Upcoming—
For local friends: Saturday, Feb. 13, is our single public performance of King Lear on our home turf. Lear plays at the Arlene Francis Center in Santa Rosa, 7:30 pm. If you’re hereabouts, tickets are only $15 ($20 at the door if there’s room). Seating very limited, so make your reservations right away.
   Lear will continue in touring rep, with showings at Dell’Arte International (Blue Lake, CA) on April 8-9 and at the FuryFactory Festival, San Francisco, in June. Current plans are for a Pacific Northwest tour starting early November; a Southwest tour in January, and another trip to the Midwest and East Coast in the spring of 2016.
We’ll also be offering house-concert reading/performances from our new edition of Rash Acts, a medley of 35 sketches from our ensemble repertoires over the past 46 years. We’d also like to offer our house-concert piece Gifts, but only if we can find an appropriate overhead rack for the Prius — Lear packs it to the brim.
Rumi—
On Feb. 6th, we’re two of a dozen or so friends participating in Rumi’s Caravan. It’s a presentation of inspiring poetry and music that’s a long Sonoma County tradition. There’s an afternoon and an evening showing — we’re in the evening — as a benefit for the Center for Climate Protection.
It’s inspired by the ecstatic Sufi poetry of Rumi and Hafiz, though it spreads out pretty wide. Our pieces include Whitman, Billy Collins, Edgar Lee Masters, and Denise Levertov. All stem from the richness, intensity and mystery of life, and we’re enormously honored to be invited as part of this event.
Our Books—
Our new edition of Rash Acts had a sumptuous launch at Occidental Center for the Arts on Jan. 15th. We read some pieces, performed others off-book, and revisited some pieces we’ve had in our touring repertory for twenty to forty years — stuff we could do in our sleep and yet manages to be fresh each time we do it. From our two decades’ experience with the first edition, we know it’ll have a slow, steady sale with theatre people; the trick will be to convince general readers that they can enjoy reading a short dramatic sketch as much as a short story. Give it a try.
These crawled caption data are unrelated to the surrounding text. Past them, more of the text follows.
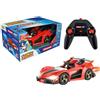 STADLBAUER - CARRERA Carrera 2,4GHz Team Sonic Racing Shadow Radiocomandato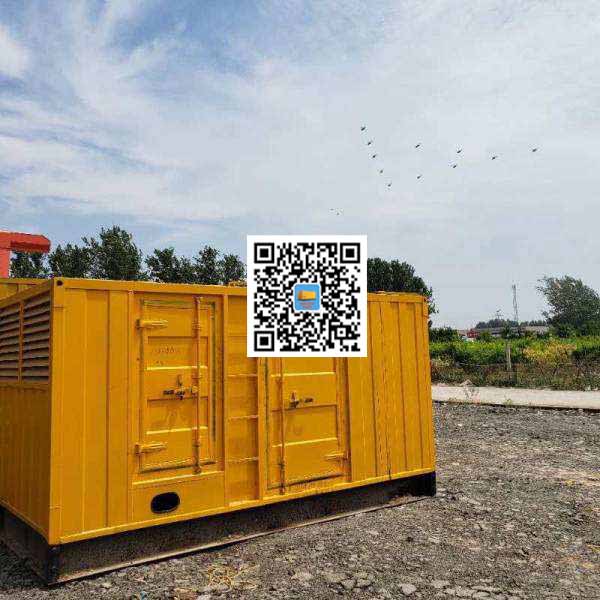 沧县发电机出租发电机电刷的结构与作用是什么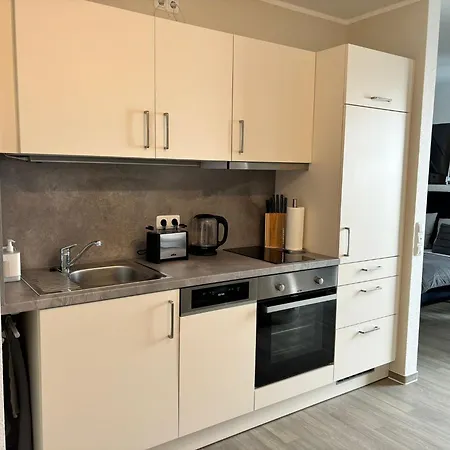 Charming Homes - 10 * Wolfsburg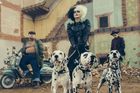 Zmatený pokus o punkovou rebelii: Cruella ze 101 dalmatinů už není zlá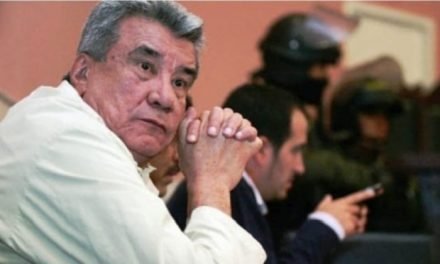 TSJ ANULA PROCESO CONTRA LEOPOLDO FERNÁNDEZ POR JUICIO INDEBIDO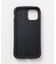 【カヒコ】[iPhone12]タフスマホケース【STRONG CURRENT】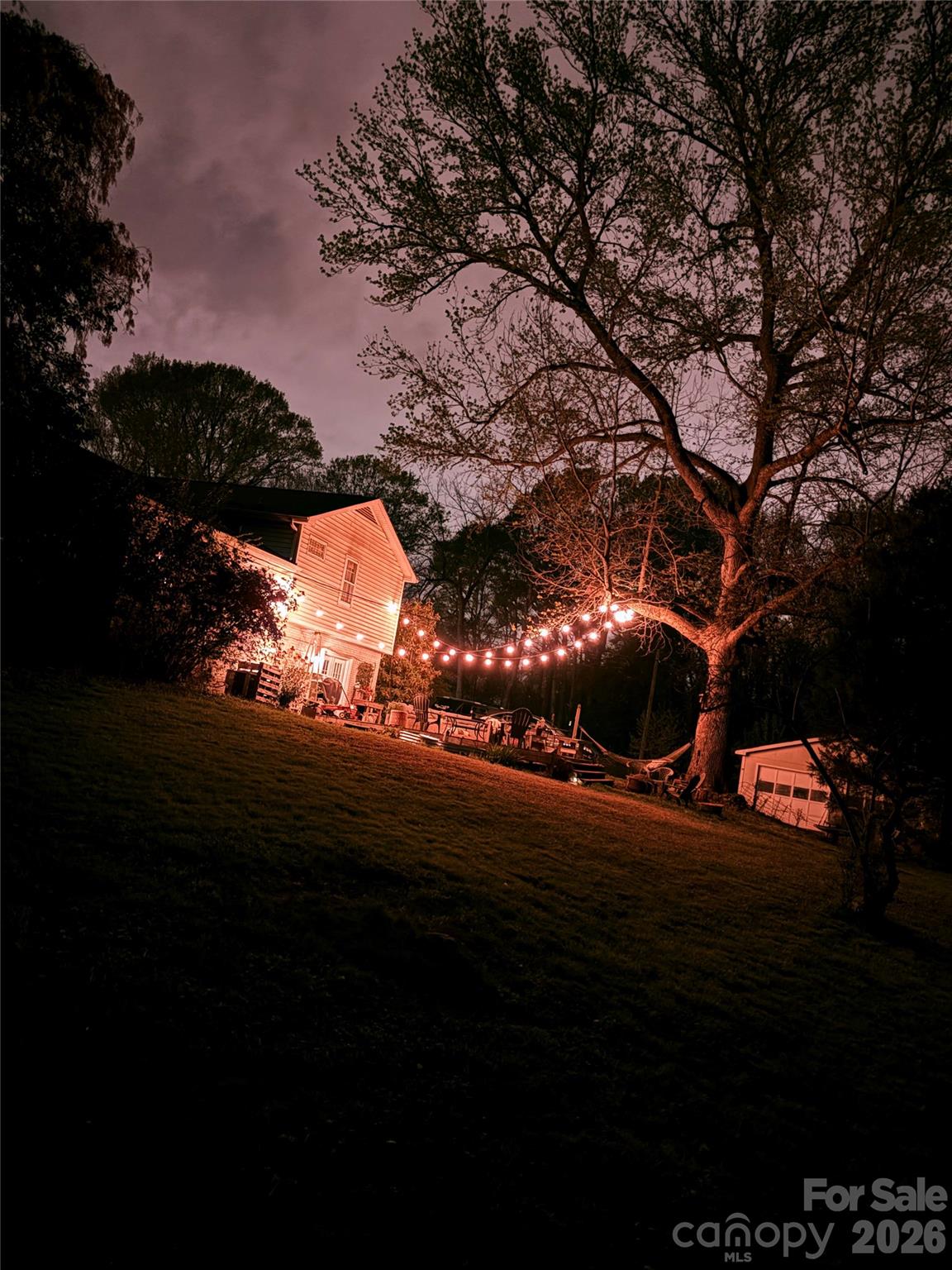 Olde Providence - Residential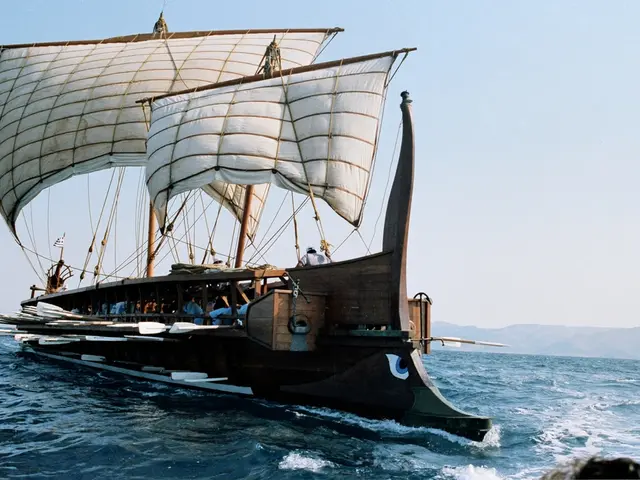 Uncover the Timeless City of Naxos in Sicily's Rich History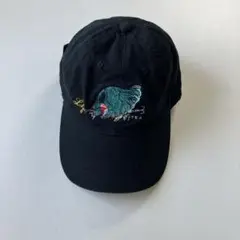 希少　葵産業　キャップ　刺繍　ルアー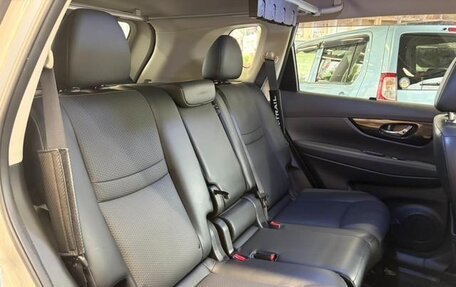 Nissan X-Trail, 2022 год, 2 211 255 рублей, 22 фотография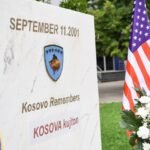 Vidhen dy biçikleta në një qendër tregtare në Fushë Kosovë – arrestohet e dyshuara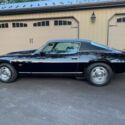 Matching numbers, 350 cu. in, 350 turbo automatic trans, Laquer paint is crazing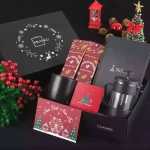 Erkek Arkadaşa Yılbaşı Hediye Kutusu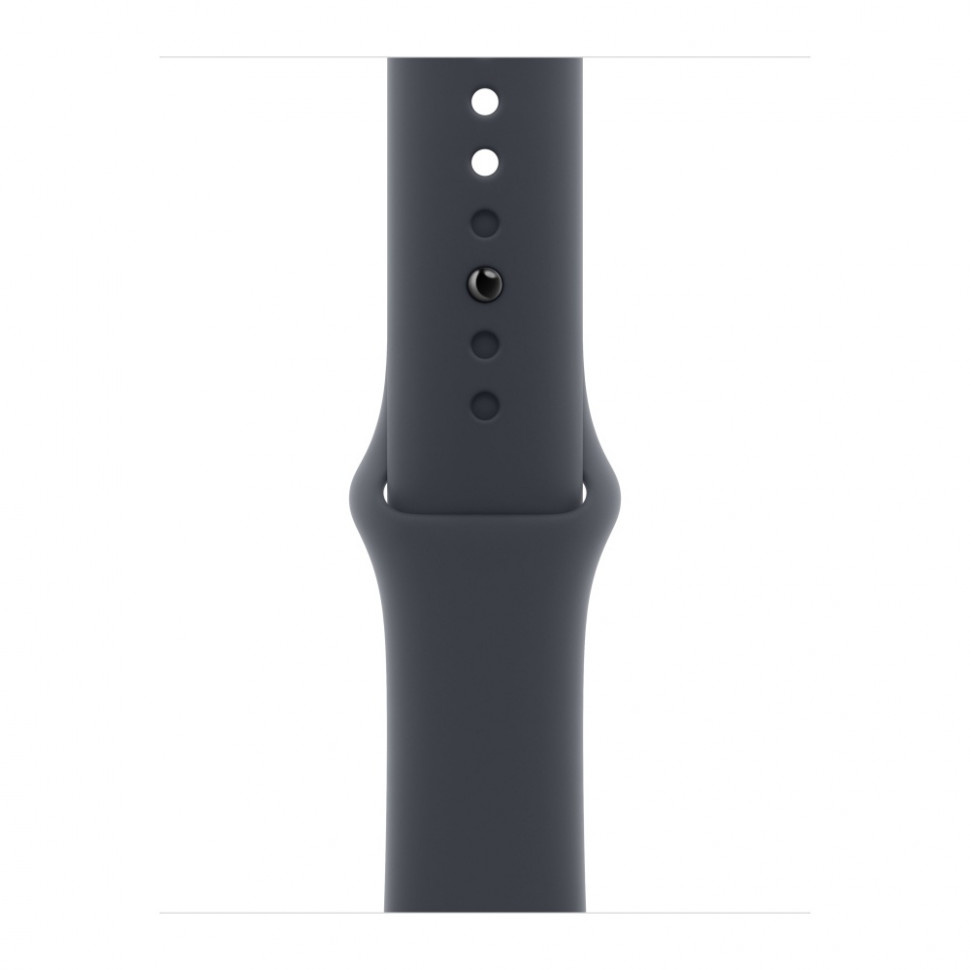 Умные часы Apple Watch SE 3 40mm Midnight Aluminum Case with Midnight Sport Band (M/L)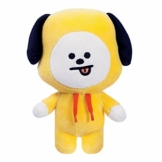 Aurora 61325 CHIMMY BTS Plüschtier, Gelb - 1
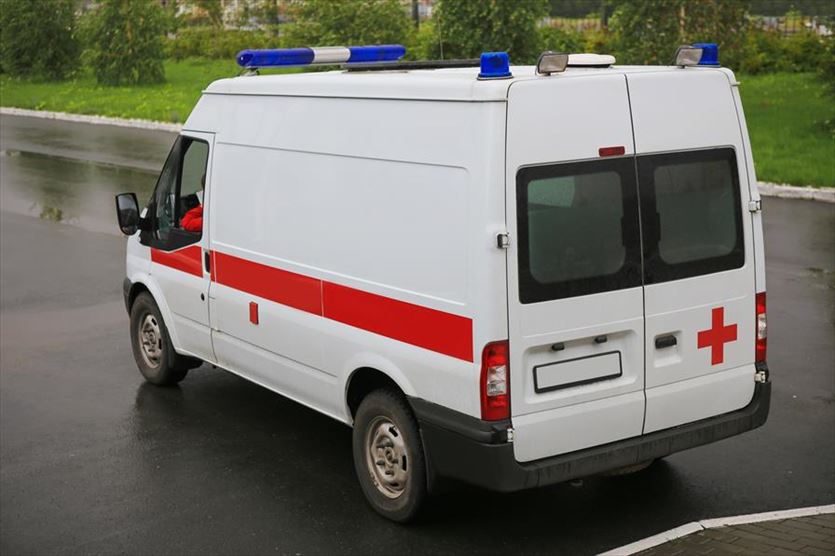 przyjazna Transport sanitarny, Transmed s.c., Nowa Sól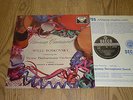 DECCA SXL 2163 WBG ED1 - WILLI BOSKOVSKY - STRAUSS Vienna Carnival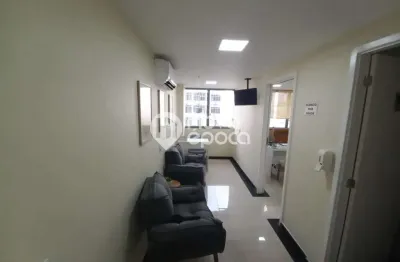 Sala comercial à venda na Rua Haddock Lobo, Tijuca, Rio de Janeiro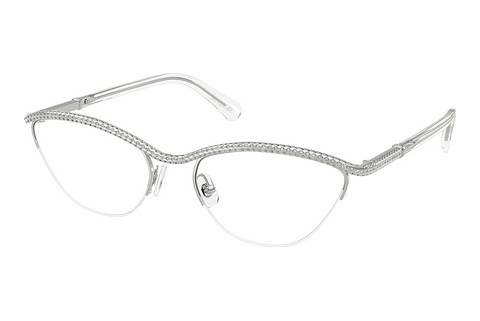 Okulary korekcyjne Swarovski SK1026 4001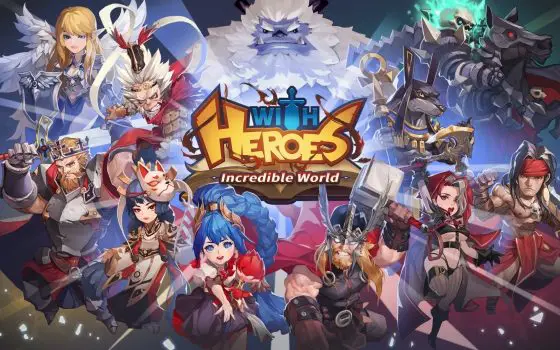 with heroes idle rpg image_00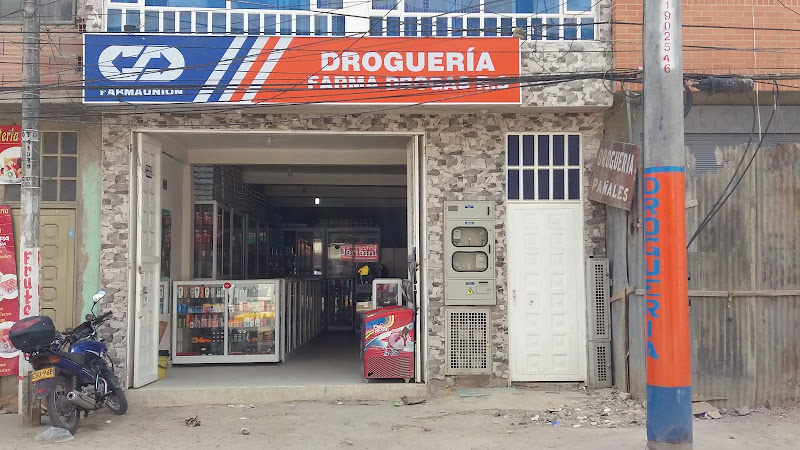 Droguería Rs - Farmacia en Bogotá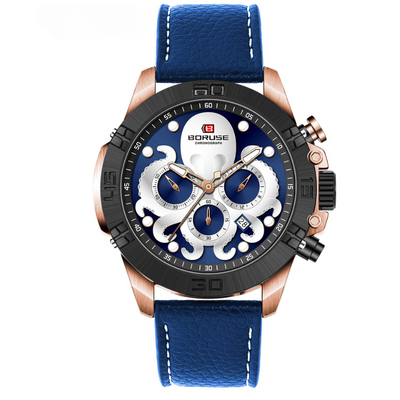 Herre Sports Quartz Ur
And our first novel Realists is now between covers. It’s a huge challenge to market self-published novels unless it fits a popular genre, and we’ve made a career of avoiding pigeonholes. It’s futuristic, it’s satirical, it’s political, it’s dystopian optimism, and it’s about real and quirky characters dealing with the very familiar speed-bumps of life — maybe somewhat akin to Vonnegut, Tom Robbins, or Russel Hoban in charting its own weird course. We hope to find some bizarre way to get it out there — perhaps strapped onto the backs of stray cats — but in the meantime it’s available, along with Rash Acts and other stuff, through our website.